Monarch Butterflies Considered for Endangered Species Status
Megan Gannon, Live Science Contributor | January 2, 2015
The monarch butterfly, once common across the United States, could soon end up on the Endangered Species List.
Over the next year, the U.S. Fish and Wildlife Service will determine whether the iconic black-and-orange butterflies deserve the federal protections that come with being listed an endangered or threatened species.
By some estimates, the monarch butterfly population has declined by 90 percent over the past two decades, from about 1 billion butterflies in the mid-1990s to just 35 million individuals last winter.
That loss is "so staggering that in human-population terms it would be like losing every living person in the United States except those in Florida and Ohio," Tierra Curry, a senior scientist at the Center for Biological Diversity, said in a statement.
The Center for Biological Diversity and other advocacy groups, including the Center for Food Safety, had asked the federal government to step in with a legal petition filed in August 2014.
The U.S. Fish and Wildlife Service determined that the petition was worth its consideration, and the agency launched a year-long review into the status of monarch butterflies this week.
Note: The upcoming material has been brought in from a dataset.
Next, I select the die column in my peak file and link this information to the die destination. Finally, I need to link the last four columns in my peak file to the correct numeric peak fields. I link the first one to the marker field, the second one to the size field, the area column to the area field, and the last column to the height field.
Scientists behind the petition say the butterfly's decline is linked to a rise in genetically engineered crops in the Midwest. Many of these crops are altered to be resistant to Monsanto's Roundup herbicide, which kills milkweed, the monarch caterpillar's only source of food.
The herbicide is so successful that milkweed plants have virtually disappeared in Midwestern corn and soybean fields, and monarch butterflies have effectively lost a Texas-size chunk of their habitat, according to the petition.
The Fish and Wildlife Service is accepting public comments for their status review until March 2.